■ Given data:
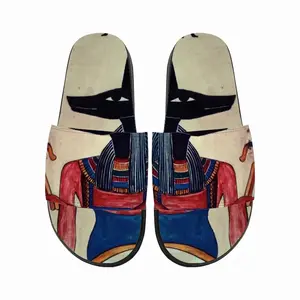 Men Anubis Slip On Slippers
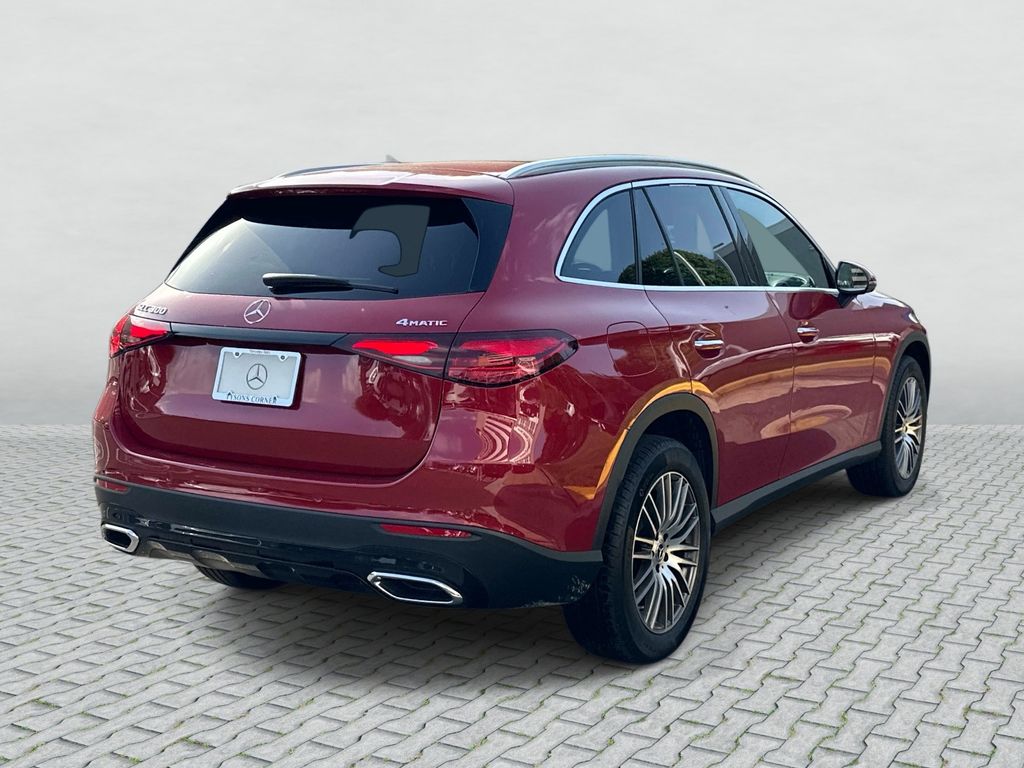 Thumbnail: 2026 Mercedes-Benz GLC - 5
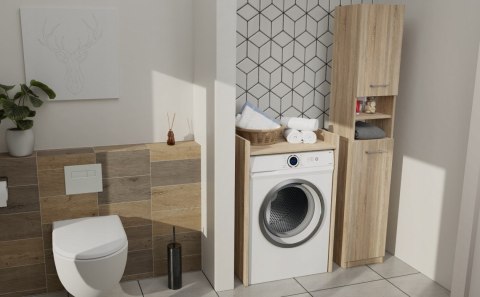 SZAFKA NA PRALKE POLA NP SONOMA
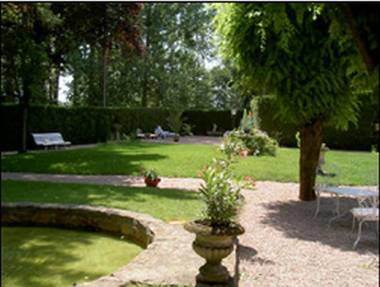 Hostellerie du Vieux Moulin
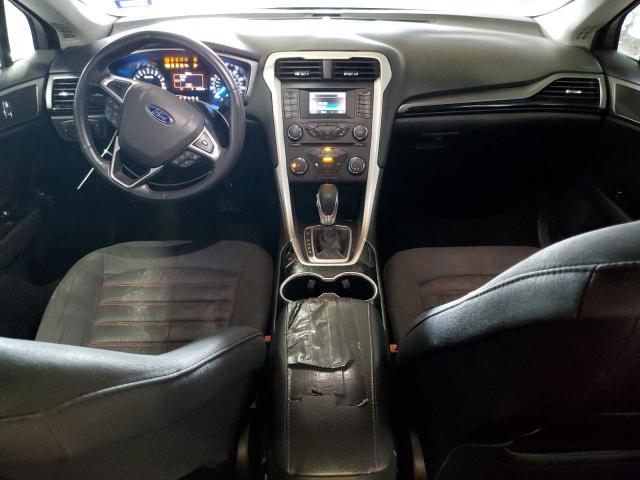Photo 8 from auction – 2016 FORD FUSION SE with VIN 3FA6P0HD2GR361467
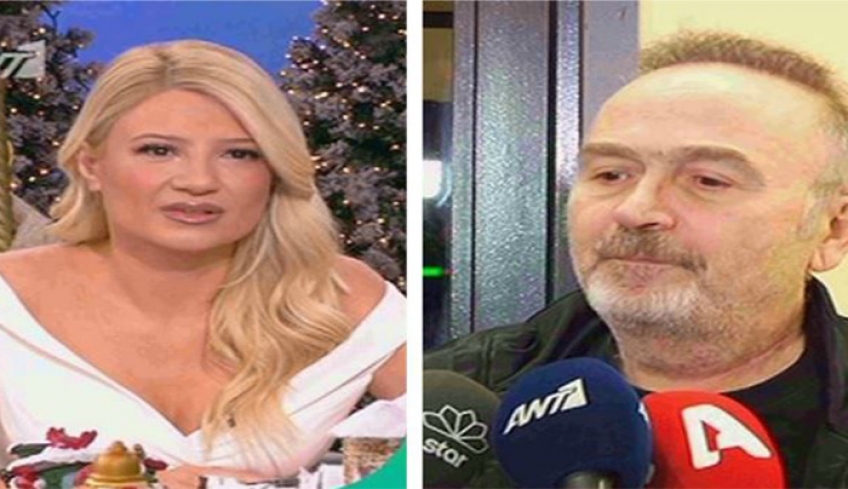 Ο Σταμάτης Γονίδης αποκαλύπτει για πρώτη φορά τι συμβαίνει με τον Νότη Σφακιανάκη και τη συνεργασία τους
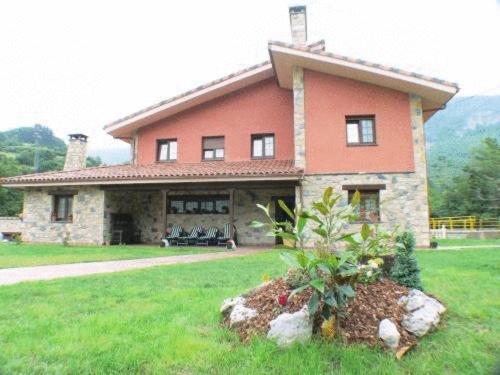 Hotel Rural El Fondon Soto De Agues Ngoại thất bức ảnh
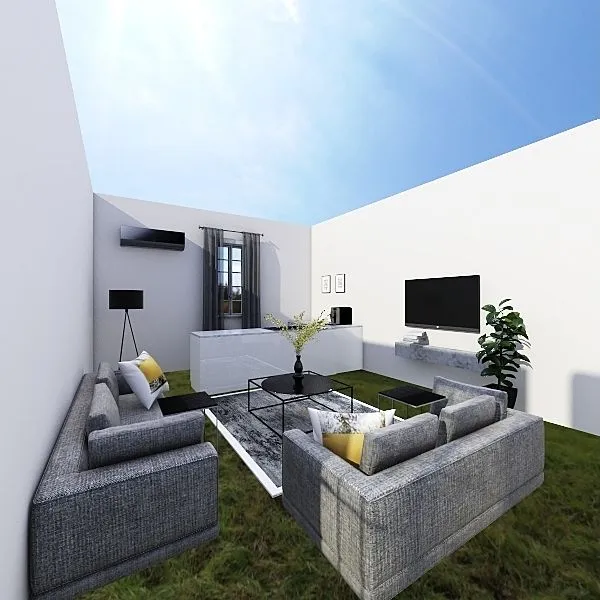 my living room 3d design renderings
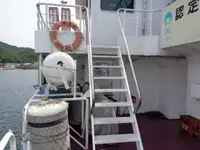 Navio graneleiro à venda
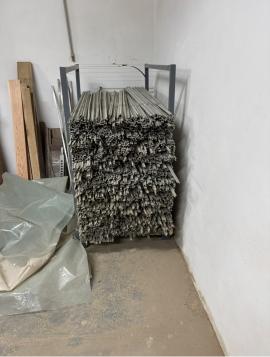 Andet udstyr Hliníkove preložky 11x17x1330 | Tørrerier, luftteknisk udstyr | Tømrer maskineri | MGco, s.r.o.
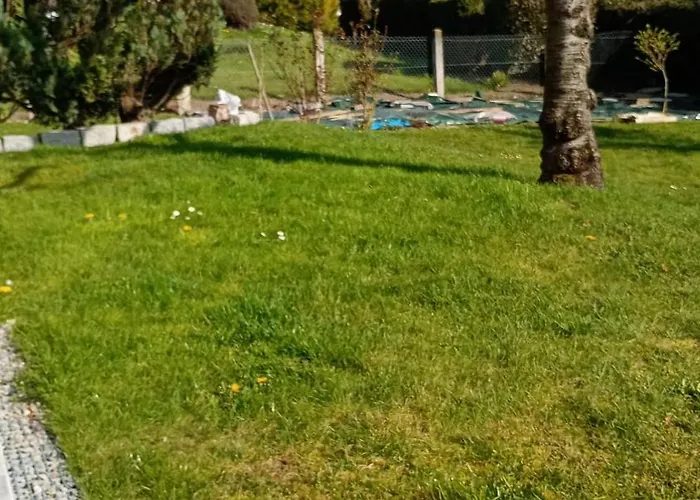 Paisible Сasa de vacaciones *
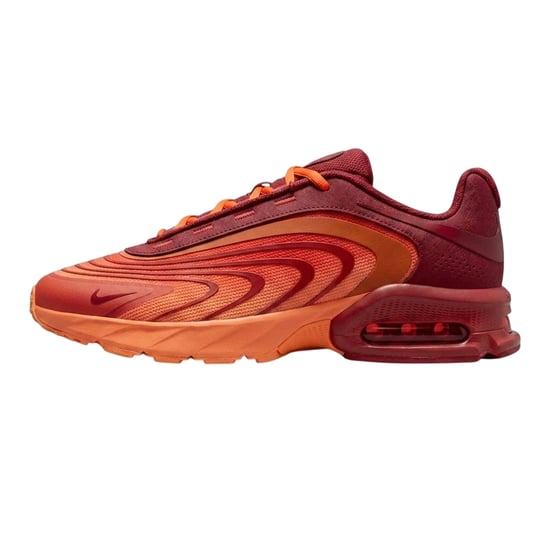 Nike Air Max Fire-schoenen met veters voor heren (Rood/oranje) - Image 2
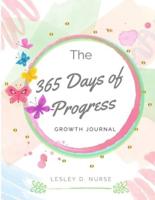 "The 365 Days of Progress" Growth Journal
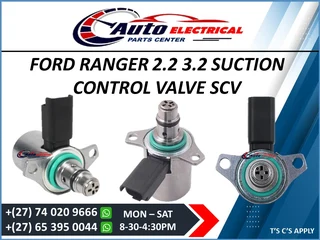 FORD RANGER 2.2 3.2 SUCTION CONTROL VALVE / SCV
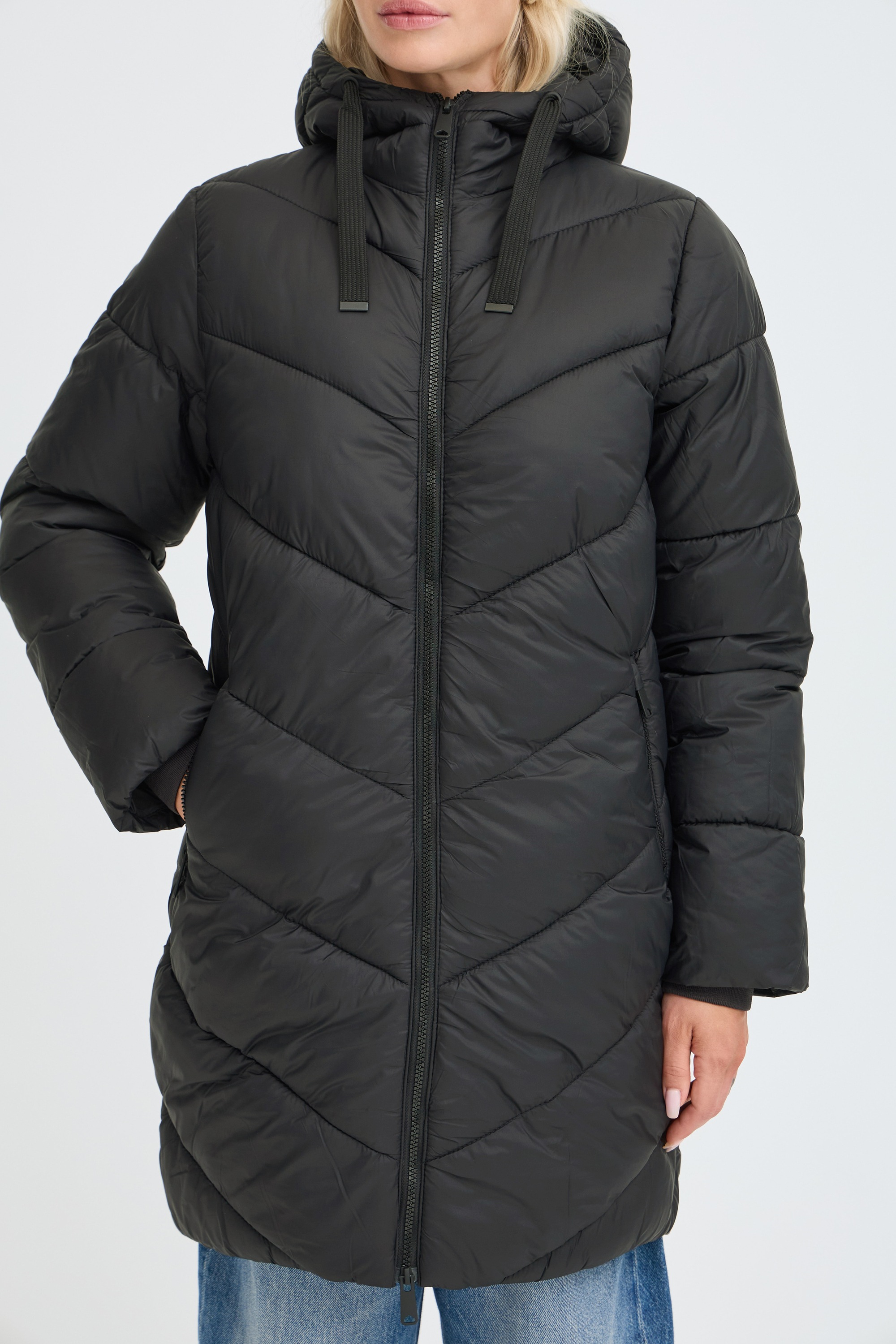 b.young Steppjacke »b.young Gefütterte Jacke BYBOMINAX«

■ Task statement: Copy exactly the lines from the one containing "Hotel Rural El" through the final line of the records above, both included, and leave out any pictures.

■ Exercise response:
 Hotel Rural El Fondon Soto De Agues Ngoại thất bức ảnh
 my living room 3d design renderings
 Navio graneleiro à venda
 Andet udstyr Hliníkove preložky 11x17x1330 | Tørrerier, luftteknisk udstyr | Tømrer maskineri | MGco, s.r.o.
 Paisible Сasa de vacaciones *
 Nike Air Max Fire-schoenen met veters voor heren (Rood/oranje) - Image 2
 "The 365 Days of Progress" Growth Journal
 FORD RANGER 2.2 3.2 SUCTION CONTROL VALVE / SCV
 b.young Steppjacke »b.young Gefütterte Jacke BYBOMINAX«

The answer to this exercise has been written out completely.